We all think our local innovation scene is pretty awesome but, for a reality check, it’s always good to get an outsider’s perspective. So I was eager to hear what Avecto cofounder Paul Kenyon had to say about the decision by his Manchester technology company — Manchester, England, that is — to open an office in Cambridge last week.

“We decided on Cambridge,” Kenyon told me, “because this is where the cool kids live.”

No argument here. Except, Avecto’s new digs at 125 Cambridge Park Drive, near the Alewife T station, are as far down the Red Line as you can get from the mecca of Kendall Square. So has Avecto really moved in with the cool kids?

Kenyon said he got the sense during the company’s office search that the cool neighborhood is expanding. He’s right, of course, especially along the Red Line. Promising startups are decamping to Porter, Davis and, yes, even Alewife. Avecto’s neighbors include Pfizer, Voxware, and Vertica Systems.

“I love Kendall Square. I would’ve liked to have been there,” Kenyon said. “But this seems like a reasonable compromise.”

One that will save Avecto 25 percent on its rent, by the way.

Avecto moved in with a team of about 10 and has room for 20 more hires. It helps companies set tailored computer access levels for employee groups.

Callum Borchers

Reinventing the business card

Is it really 2014 and we’re still handing each other rectangular scraps of paper to exchange contact information? Remember the PalmPilot? The Bump app? QR codes on the back of cards?

An MIT startup, TouchBase Technologies, is proposing a better solution. Its product looks like a business card, but when tapped to an iPhone screen it pulls up the individual’s photo, contact info, Twitter handle, and a LinkedIn option. The cards can also make a video clip, slide show, or company website appear.

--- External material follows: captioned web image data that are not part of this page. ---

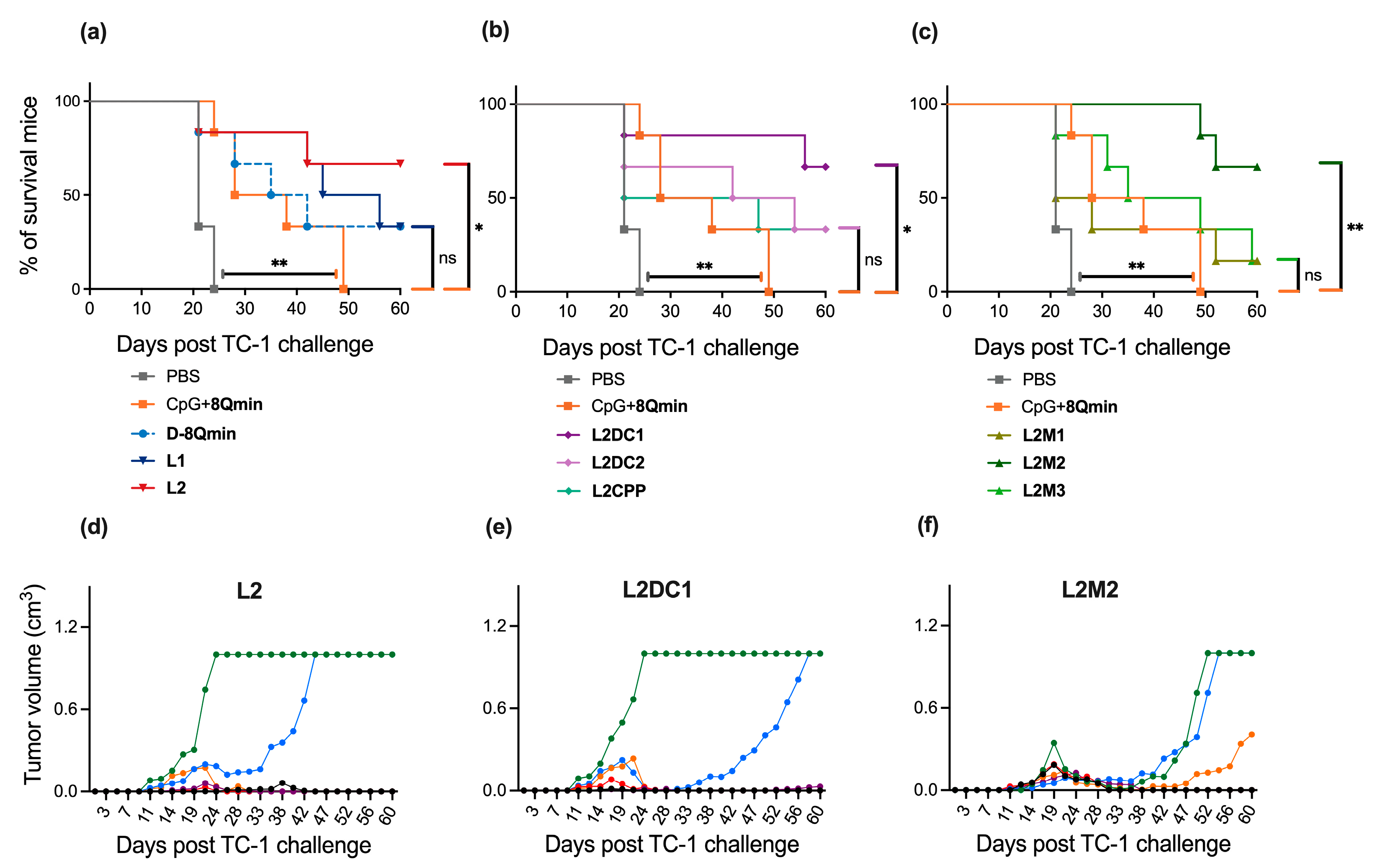 Pharmaceutics 15 00602 g003 Pharmaceutics 15 00602 g003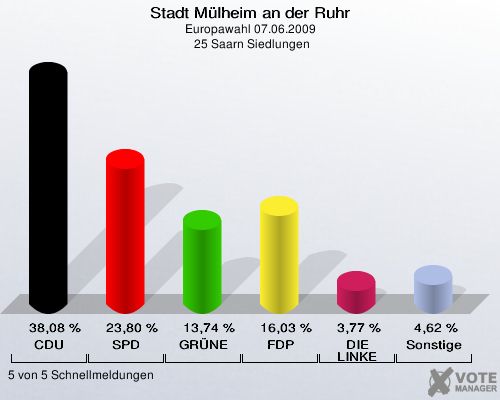 Stadt Mülheim an der Ruhr, Europawahl 07.06.2009,  25 Saarn Siedlungen: CDU: 38,08 %. SPD: 23,80 %. GRÜNE: 13,74 %. FDP: 16,03 %. DIE LINKE: 3,77 %. Sonstige: 4,62 %. 5 von 5 Schnellmeldungen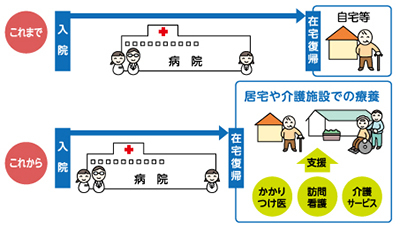 これまでの医療とこれからの医療の説明図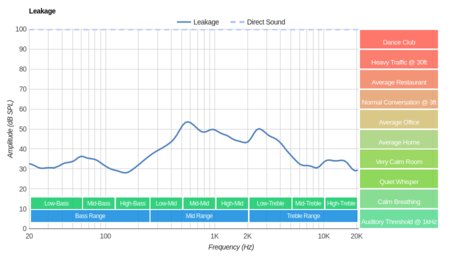SteelSeries Arctis 3 2019 Edition Wireless Leakage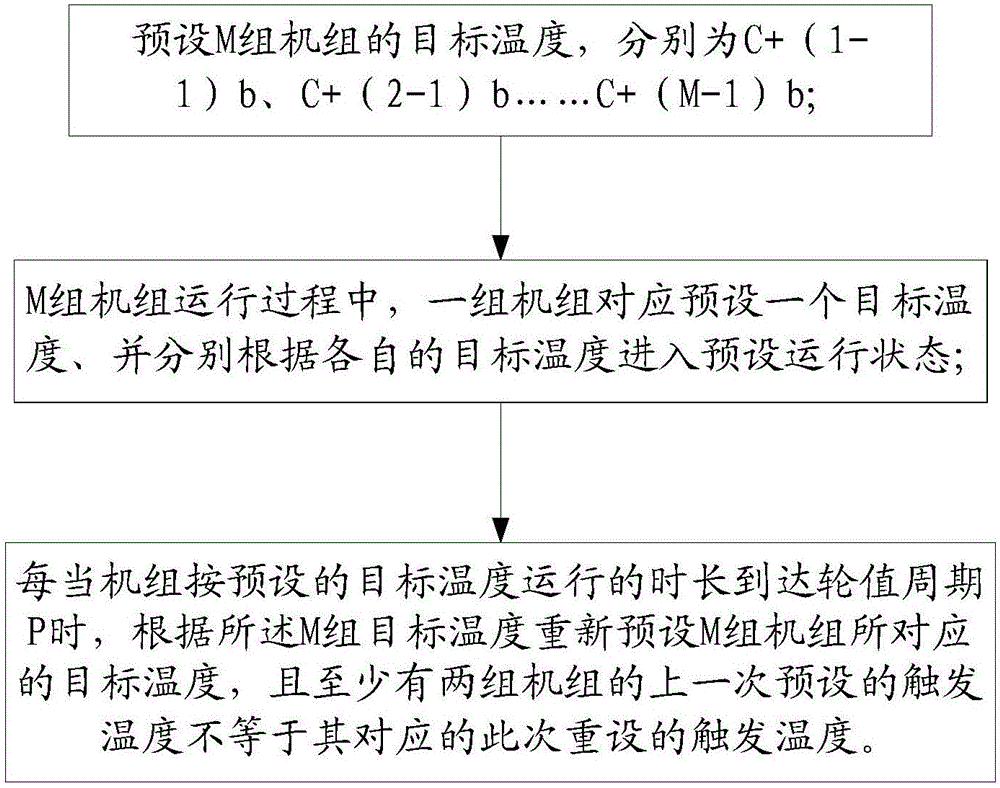 Method for controlling multiple units to enter preset state in staggered manner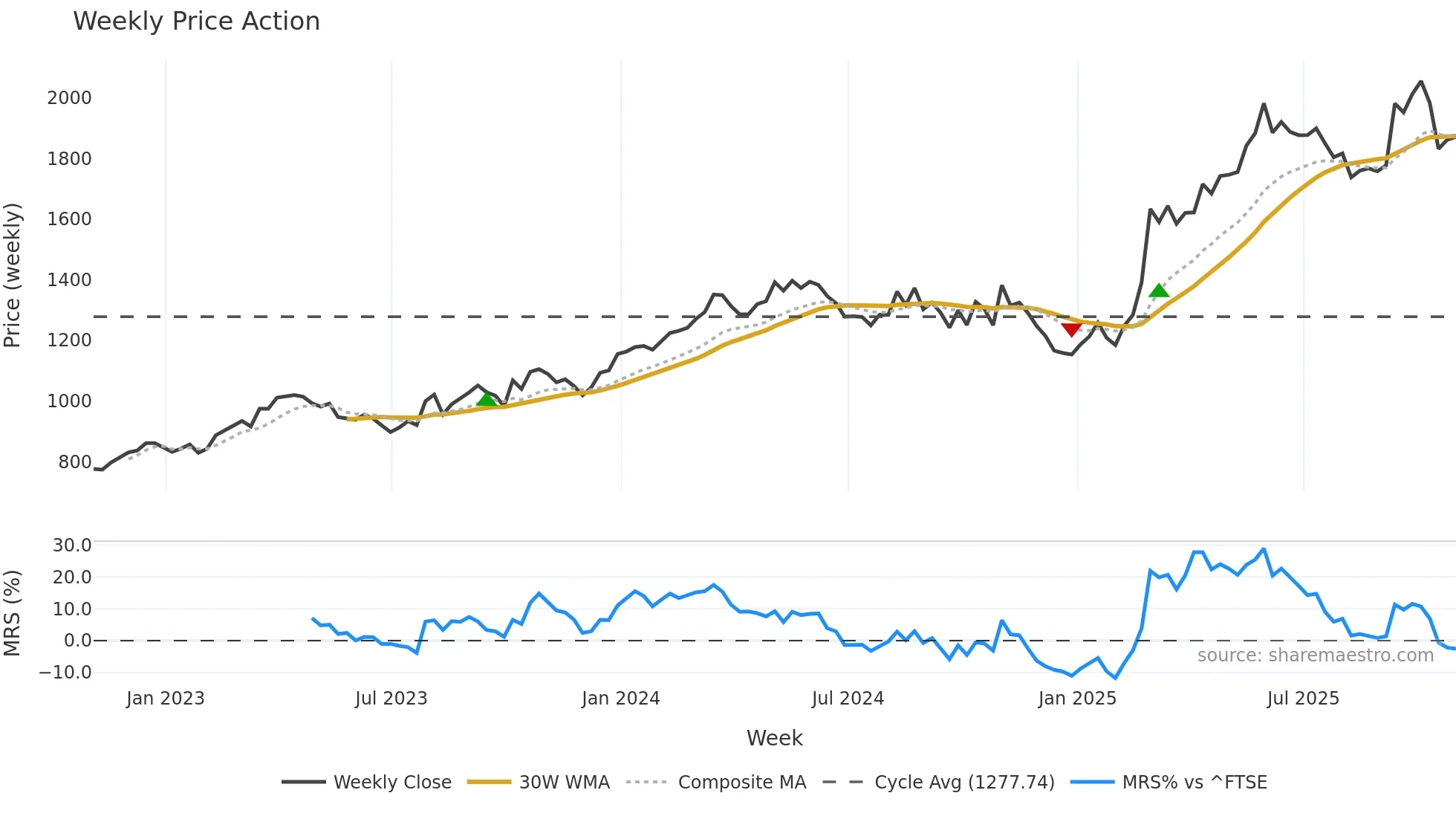 BA weekly Price Action chart, closing 2025-10-31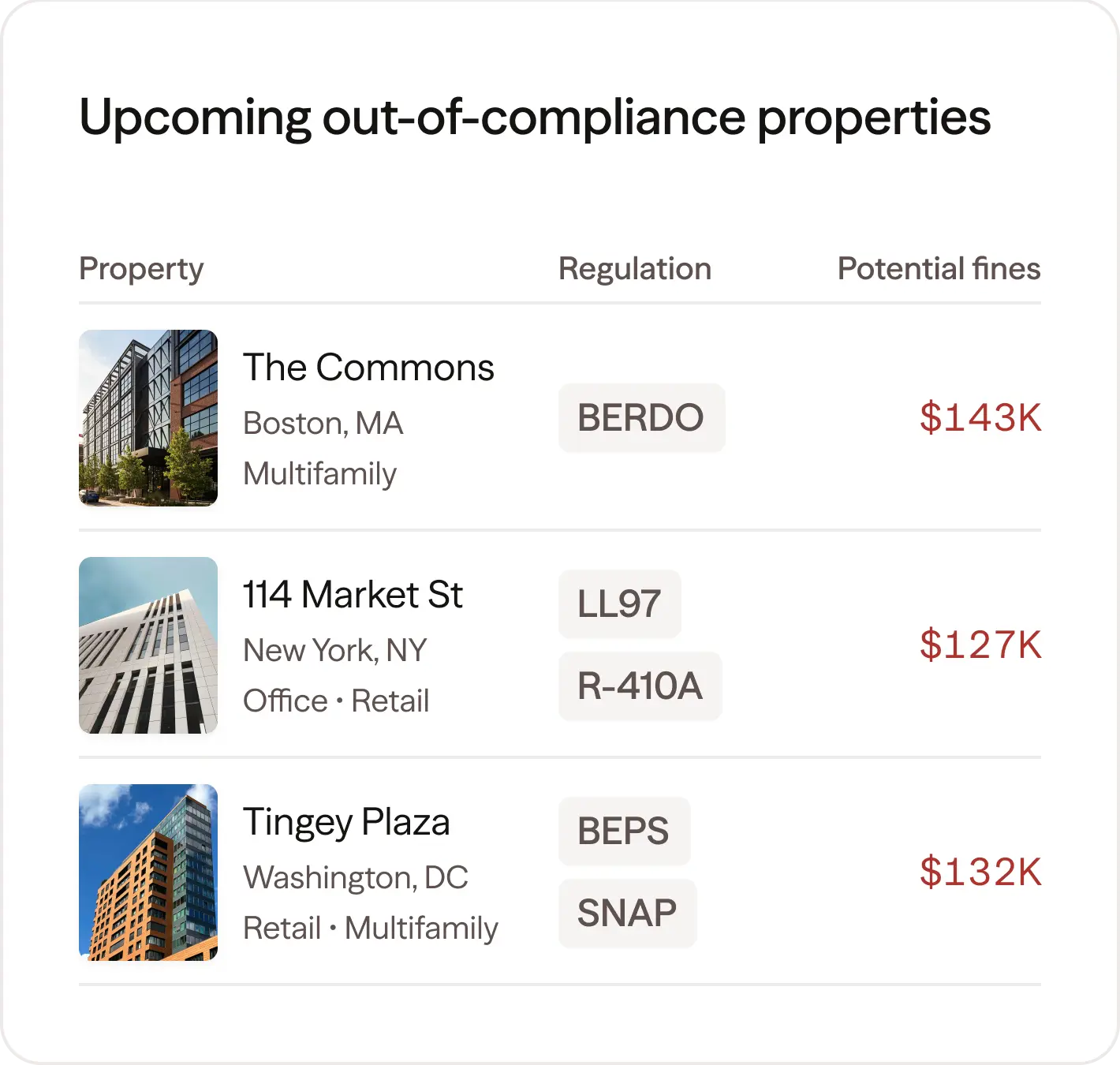 Property compliance table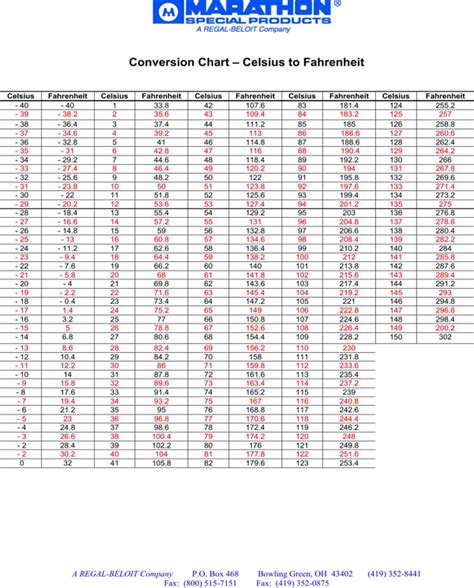 How a Converter F to C Can Make Your Life Easier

TouchBase has launched a crowdfunding campaign to raise $30,000, offering a trial package of 36 cards for $25. Chief executive Sai To Yeung is on leave from the MBA program at MIT’s Sloan School; chief technology officer Jonathan Warneke is enrolled as an undergrad.

With a few sample cards I navigated on my iPhone to the TouchBase website and tapped a card with my name on it to the screen. Nothing. So I heeded instructions to remove the phone case and in a few seconds my photo and contact info showed up.